┌──

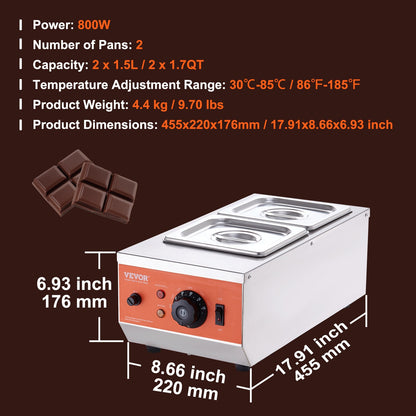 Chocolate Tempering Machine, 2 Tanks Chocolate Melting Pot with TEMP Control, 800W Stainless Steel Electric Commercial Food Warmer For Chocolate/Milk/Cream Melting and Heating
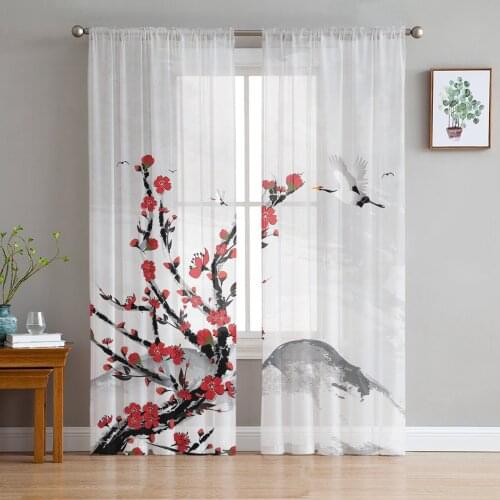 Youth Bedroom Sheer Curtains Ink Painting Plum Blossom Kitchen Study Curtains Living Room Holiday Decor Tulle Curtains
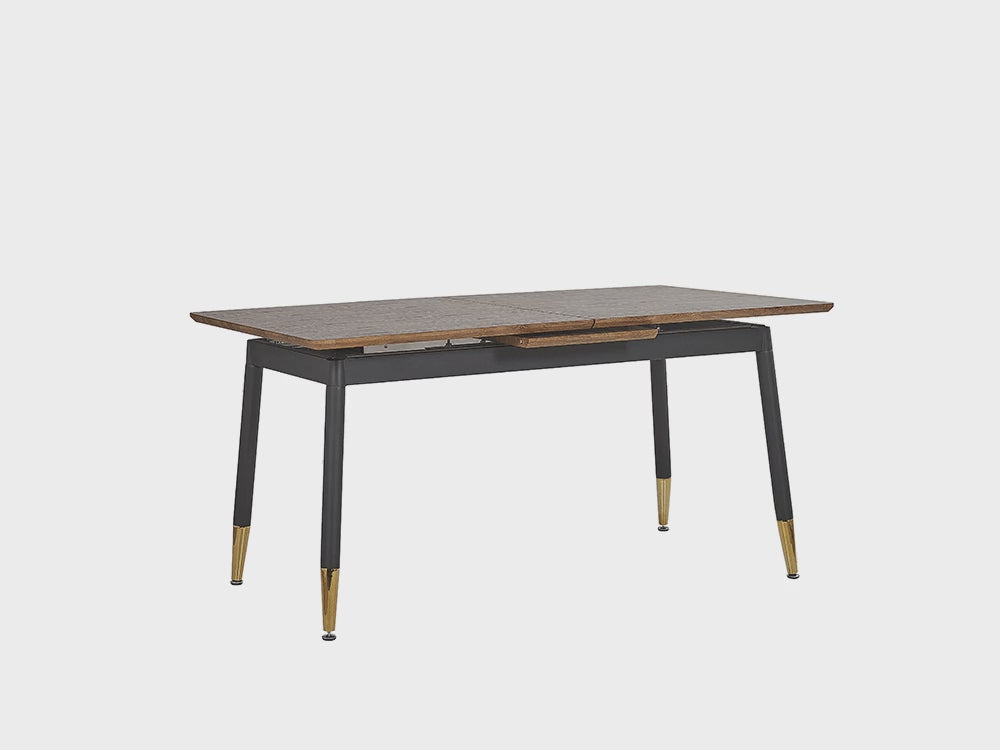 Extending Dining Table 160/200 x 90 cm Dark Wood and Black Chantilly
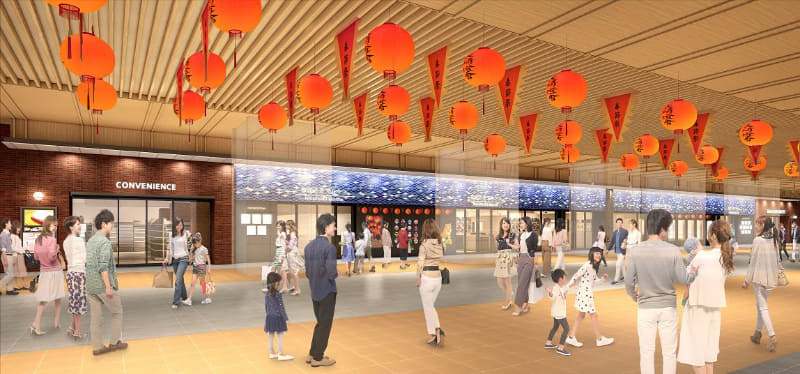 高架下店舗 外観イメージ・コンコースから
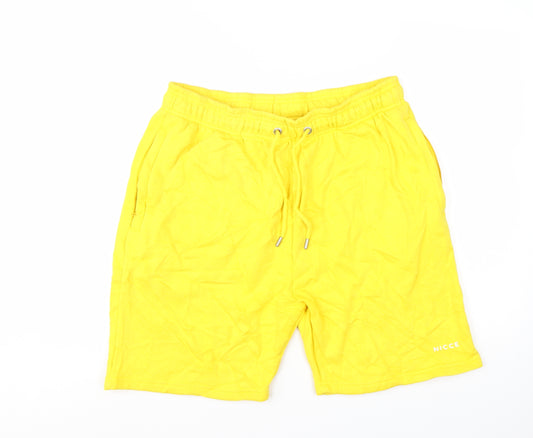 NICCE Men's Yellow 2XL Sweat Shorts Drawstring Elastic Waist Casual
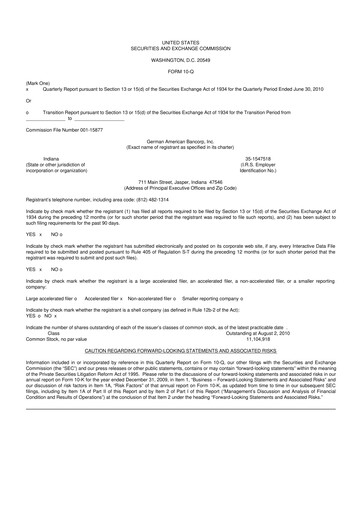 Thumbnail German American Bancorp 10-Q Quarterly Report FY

└──

_Action item_
Reproduce word for word the lines from the line holding "NICCE Men's Yellow" through the last line of the material above, inclusive, and keep pictures out of it.

_Answer section_
 NICCE Men's Yellow 2XL Sweat Shorts Drawstring Elastic Waist Casual
 Thumbnail German American Bancorp 10-Q Quarterly Report FY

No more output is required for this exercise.